Responses to Ukraine’s Nazi Hit List from Around the World — Part 4By EIR
Aug. 28—This is the fourth installment of EIR’s roundup of responses from around the world to the posting by the U.S.-funded and State Department sponsored Ukrainian Center for Countering Disinformation (CCD) of a Black List—essentially a “hit list”—of 72 prominent individuals from many nations, accusing them of being Russian propaganda agents, “information terrorists,” and “war criminals,” due to their failure to submit to the U.S./UK/NATO “narrative” about the military operations in Ukraine. The first 30 people listed were members and friends of the Schiller Institute who had spoken at a Schiller Institute conference during this year. You can find Part 1 of this series here, Part 2 here, and Part 3 here.
In addition to mounting responses from around the world denouncing the Ukraine Center for Countering Disinformation hit list, two major, relevant developments took place this week.
First, the U.S. Department of Homeland Security (DHS), according to an official DHS press release on Aug. 24 announced that their own “Ministry of Truth”—the Disinformation Governance Board established in April of this year—has been “terminated,” and the Secretary has “rescinded its charter, effective today, August 24, 2022.” While this was not directly the result of the outcry against the deadly Ukrainian hit list, the outrage against this threat to the right to free speech and to physical safety certainly contributed to the opposition to the DHS attempt to have an American branch of this fascistic body.
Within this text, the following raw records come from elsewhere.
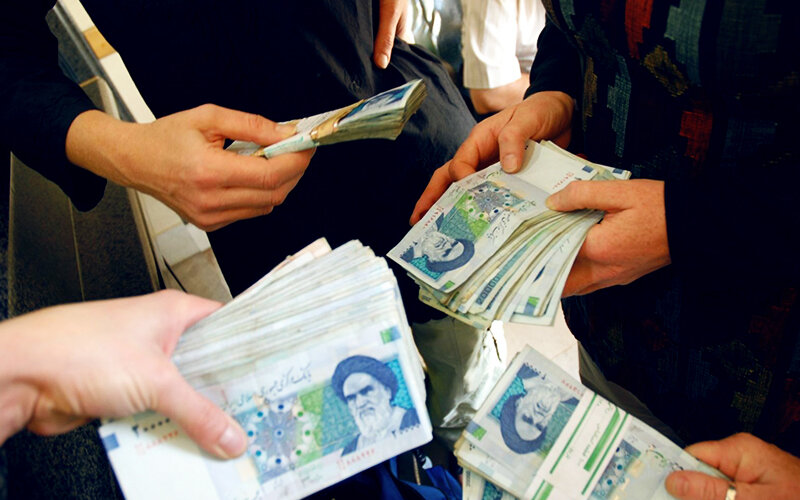 نسخه جدید پرداخت حقوق نیروهای شرکتی از مهر ماه نسخه جدید پرداخت حقوق نیروهای شرکتی از مهر ماه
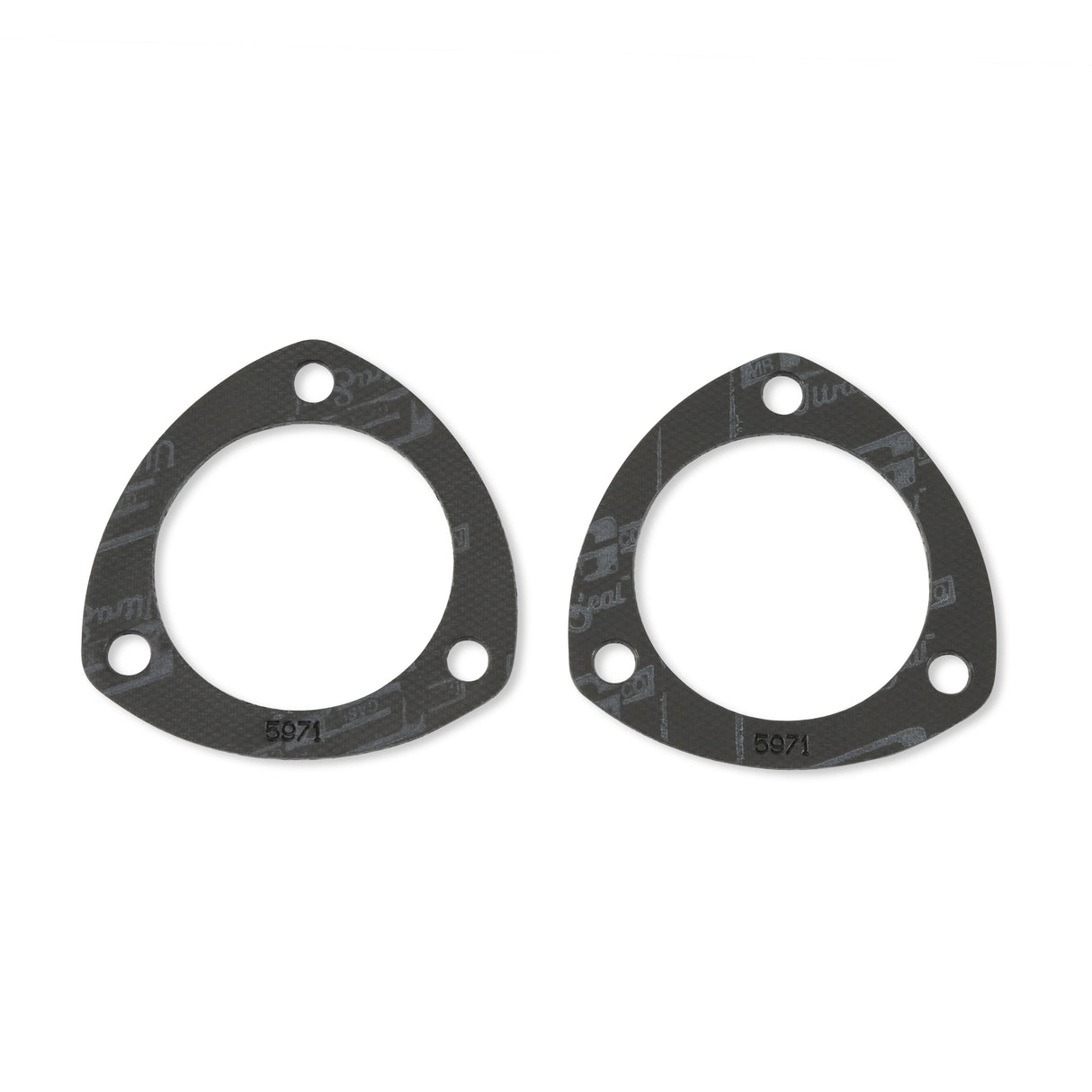 Mr Gasket Ultra-Seal Collector Gaskets - 3 Inch - 5971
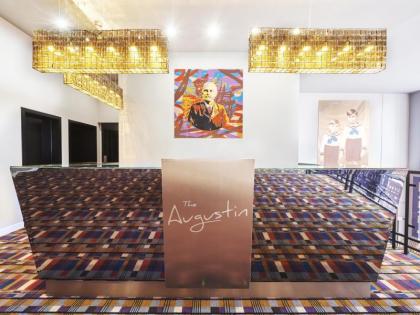Hotel The Augustin - image 17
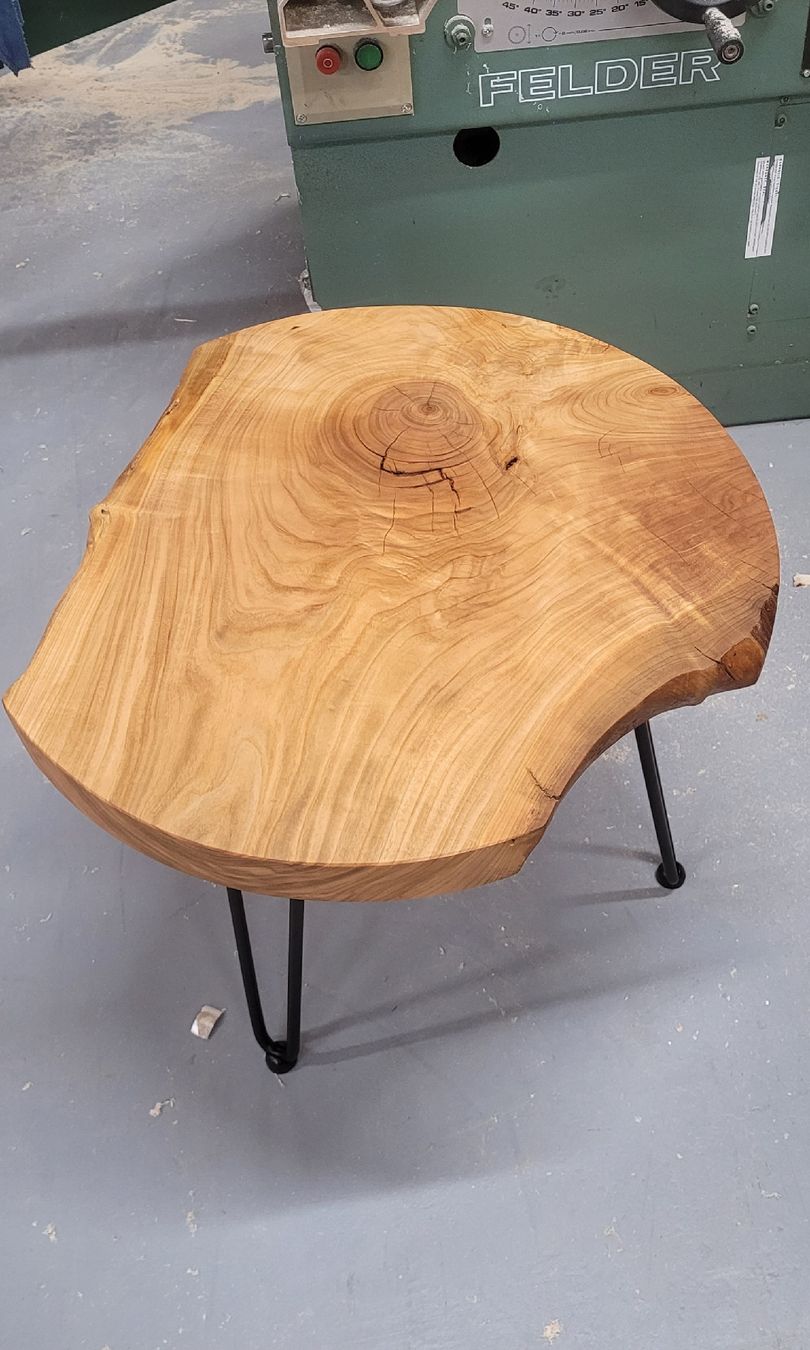 Tavoli: Design Tisch – Nuovo e nell'imballaggio originale da Willisau venduto da kue_9dw5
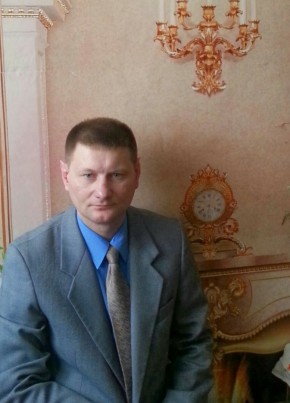 Александр, 52, Россия, Нижний Тагил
Of course, the DHS statement went on to say that “the Department will continue to address threat streams that undermine the security of our country consistent with the law, while upholding the privacy, civil rights, and civil liberties of the American people and promoting transparency in our work.
The second major development was the exposure of the operation of the Myrotvorets institution in Ukraine, a supposedly “non-government” organization in Ukraine which is not new, but has since the 2014 Maidan coup been publishing thousands of names of Ukrainians, Russians, and foreigners, labeling them “enemies of the state,” and taking great pride when people on its list are assassinated. (See further documentation on Myrotvorets in this issue of EIR).
The recent, expanded exposure of this overtly fascist institution was one result of the Aug. 20 assassination of Daria Dugina in Moscow, mafia style, by a bomb placed under her car. Dugina was a prominent journalist who had written about the actual conditions in the Donbas region of Ukraine and the fascist policies of the Azov Regiment and other Ukrainian institutions.
Russian Ambassador to the United Nations Vasily Nebenzia, speaking to the press on Aug. 24 at the UN, said, “The killing of Daria Dugina in Moscow was made on a clear terrorist basis, I would say.” Handing a picture to the press, he added: “This is the infamous Ukrainian website Myrotvorets which shows [her] picture with the inscription ‘liquidated,’ ‘eliminated’.”
Helga Zepp-LaRouche and Harley Schlanger of the Schiller Institute are on the Myrotvorets hit list, among others.